Thursday, November 26, 2009

My Favorite Characters: The Greatest Hero You Never Heard Of

It's my 47th post, which also happens to be my favorite number. So I'll bypass my list of the Top 5 Great Apes to bring you a post about my favorite DC comics superhero. Booster Gold.
Michael J. Carter is always a delight to read about and I'm glad he has his own comic these days. Created by Dan Jurgens in the mid '8os, Booster embodies the most venial, greedy, self-serving qualities of that decade (and today). And yet... well, that's why I like the guy.

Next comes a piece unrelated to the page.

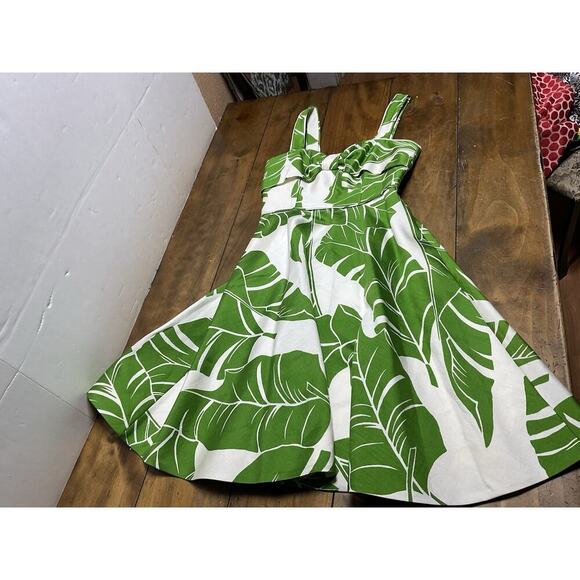 Kate Spade Retro Silk Blend Leaf Print Fit & Flare Dress Sleeveless Babydoll 4 - Picture 1 of 14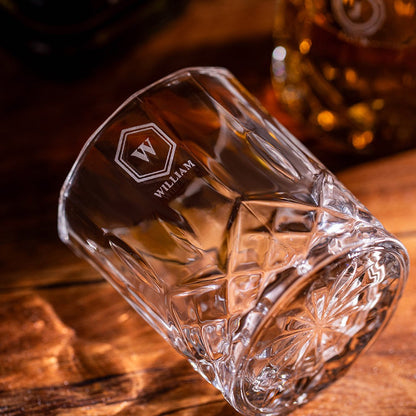Personalized Name Engraved Whiskey Glass, 10oz Bourbon Whiskey Wine Glass, Alcohol Gift for Whiskey Drinker, Father's Day Gift for Dad/Groomsman/Men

He appeared out of nowhere, all style, no substance, and instantly turned himself into a celebrity. Then, just as quickly, into a complete sell-out. The people of Metropolis jumped on the Booster Bandwagon and then quickly off again when they realized he was less a hero than a man out for fame, chicks and bucks.
Booster's big secret, known only to his robot, Skeets, is that he was not exactly a self-made man. He wasn't born with powers like the Kryptonian. He didn't hone himself or build his strengths like the Bat. Booster had everything it took to be a great hero, but that was only because he'd STOLEN it.
In the year 2462, Carter had been a twenty-year old failure working museum security. His shining Gotham City high school football career had tanked when he was caught betting on his own games. His future was looking like total crap... but his PAST, mind you... THAT was wide open.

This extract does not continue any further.